Matter of Schade v Kupferman |
2020 NY Slip Op 07069 |
Decided on November 25, 2020 |
Appellate Division, Second Department |
Published by New York State Law Reporting Bureau pursuant to Judiciary Law § 431. |
This opinion is uncorrected and subject to revision before publication in the Official Reports. |
Decided on November 25, 2020 SUPREME COURT OF THE STATE OF NEW YORK Appellate Division, Second Judicial Department
SHERI S. ROMAN, J.P.
COLLEEN D. DUFFY
BETSY BARROS
FRANCESCA E. CONNOLLY, JJ.
2019-14522
(Docket No. O-6354-19)
v
Pamela Jo Kupferman, appellant.
David W. Sparrow (Arnold A. Arpino & Associates, P.C., Hauppauge, NY [David A. Arpino], of counsel), for appellant.
Wendy Lee Lipsky, Garden City, NY, for respondent.
DECISION & ORDER
In a proceeding pursuant to Family Court Act article 8, Pamela Jo Kupferman appeals from an order of protection of the Family Court, Nassau County (Ayesha K. Brantley, J.), dated December 4, 2019. The order of protection, upon a finding that Pamela Jo Kupferman committed a family offense, made after a fact-finding hearing, directed her, inter alia, to stay away from the petitioner and the petitioner's children until and including December 3, 2021.
ORDERED that the order of protection is affirmed, with costs.
In July 2019, the petitioner commenced this family offense proceeding against her estranged mother, the appellant, Pamela Jo Kupferman. The petitioner alleged that she had clearly and unequivocally prohibited the appellant from having any contact with her or her children. The petitioner alleged that the appellant had been committing acts constituting, inter alia, the crime of harassment in the second degree by repeatedly contacting and attempting to contact the petitioner and the petitioner's children. After a fact-finding hearing, the Family Court found that the appellant had engaged in conduct constituting a family offense and issued an order of protection directing, inter alia, the appellant, with limited exceptions, to stay away from the petitioner and her children until and including December 3, 2021.
"A family offense must be established by a fair preponderance of the evidence" (Matter of Washington v Washington, 158 AD3d 717, 718; see Family Ct Act § 832). Although the Family Court did not specify the particular family offense under Family Court Act § 812(1) that the appellant committed, remittal is not necessary because the record is sufficient for this Court to conduct an independent review of the evidence (see Matter of Martinez v Aguilar, 180 AD3d 915). As relevant here, a person commits the family offense of harassment in the second degree when, with intent to harass, annoy, or alarm another person, he or she "engages in a course of conduct or repeatedly commits acts which alarm or seriously annoy such other person and which serve no legitimate purpose" (Penal Law § 240.26[3]). "While there is no question that an isolated incident cannot support a finding of harassment, a pattern of conduct composed of a series of acts over a period of time, however short, evidencing a continuity of purpose can support such a finding" (Matter of Amber JJ. v Michael KK., 82 AD3d 1558, 1560 [citations and internal quotation marks [*2]omitted]).

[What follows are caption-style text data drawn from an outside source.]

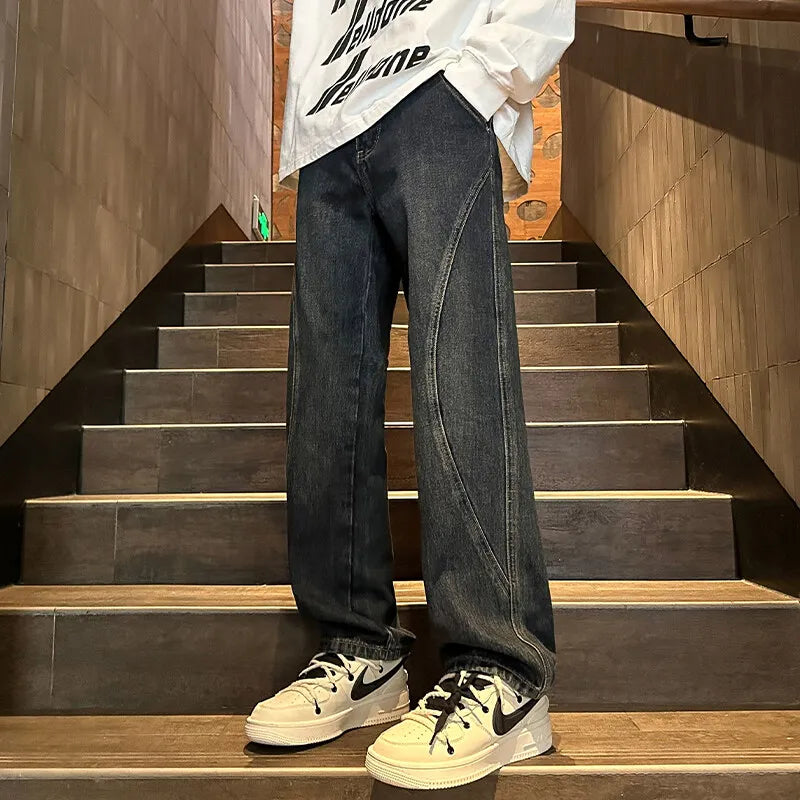 Straight Leg Jeans Men Washed Solid Trousers Panel Design Denim Pants Autumn Fall Male Wear New 2025 High-quality denim pants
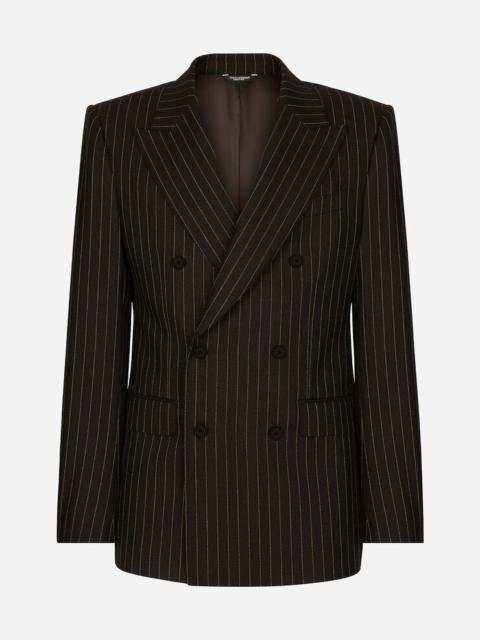 Double-breasted pinstripe wool Sicilia-fit jacket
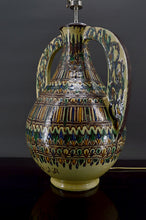 将图片加载到图库查看器,Important vase en céramique monté en lampe, Par El-Kharraz, Nabeul, Tunisie, début XXe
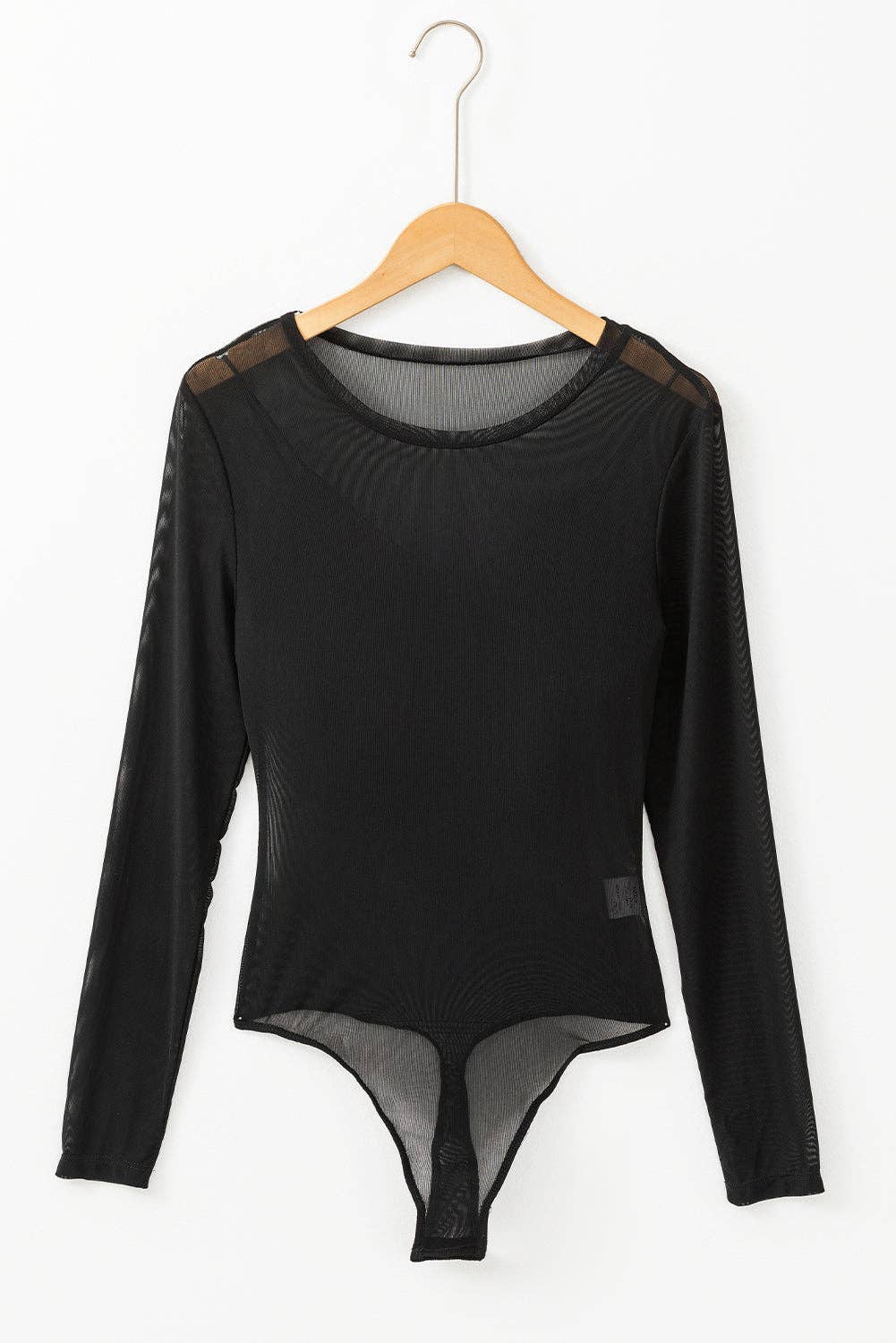 Black Mesh Long Sleeve Slim Fit Bodysuit: Black / 95%Polyamide+5%Elastane / L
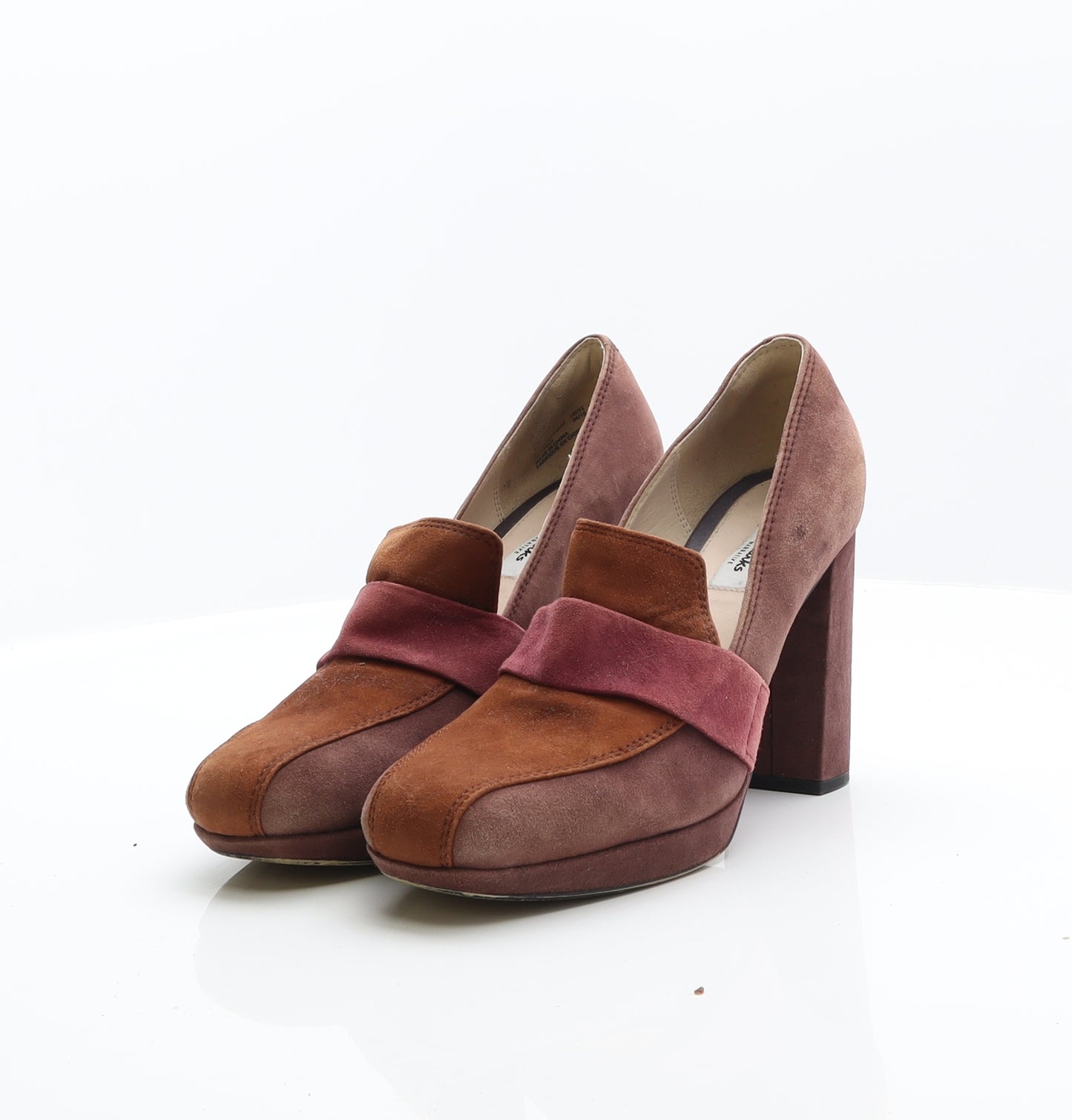Clarks Womens Brown Colourblock Suede Platform Heel UK 8 US 10.5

Based upon our independent review of the evidence, we find that the petitioner established by a preponderance of the evidence that the appellant committed the family offense of harassment in the second degree (Penal Law § 240.26[3]) by, among other things, repeatedly approaching the petitioner's young children to introduce herself as their grandmother, and surreptitiously delivering gifts and leaving notes for the children despite the petitioner's clear instruction to not contact her or her children.
In light of our determination, we need not reach the parties' remaining contentions.
ROMAN, J.P., DUFFY, BARROS and CONNOLLY, JJ., concur.